God’s tent is with me – – – with you – – – with each and everyone of us – – – He loves us that much. Of course, the questions always follow such revelations – how is that possible? Why? And then – I kick myself in the proverbial “butt”. Why can’t “faith” be as simple as it was when I lay under a tree to talk to my Father?
The busyness of the season pushed (and continues to push) Abba to the back of my agendas so many times over the past few days. I’ve missed prayer times – – -times to grow in the WORD – – – quiet times to plead in the war room – – – and still I have felt His Tabernacle with me – every day – every step – in every word I spoke to others while the prayers of thankfulness thrummed unspoken, deeply within me.
“Here I AM” – with me – with you – – –
Regardless of the bad choices I have made and continue to make, He chooses to be with me.
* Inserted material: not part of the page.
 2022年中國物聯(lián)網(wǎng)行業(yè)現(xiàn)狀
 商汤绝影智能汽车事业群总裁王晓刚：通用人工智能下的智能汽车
Even when I reject Him, He seeks me out and waits for me to open the flaps of my tent, so that He may enter and share a meal with me. Someday, I will understand how that is possible. Someday, I will understand a love that great. Someday, the questions will be silenced.
“Still through the cloven skies they come,
With peaceful wings unfurled;
And still their heavenly music floats
O’er all the weary world:
Above its sad and lowly plains
They bend on hovering wing,
And ever o’er its Babel sounds
The blessed angels sing.”~”It Came Upon a Midnight Clear”
Tonight as I sat outside by the fire with the Hubby and daughters, my heart was listening to other music. Music, not from the neighbors’s bonfire festivities, but music that still issues its timeless reminder – over and over and over. All I have to do is open the flaps of my tent. Invite the Creator of the universe into my tent. His tabernacle is with me. Always. Forever. Forever and ever.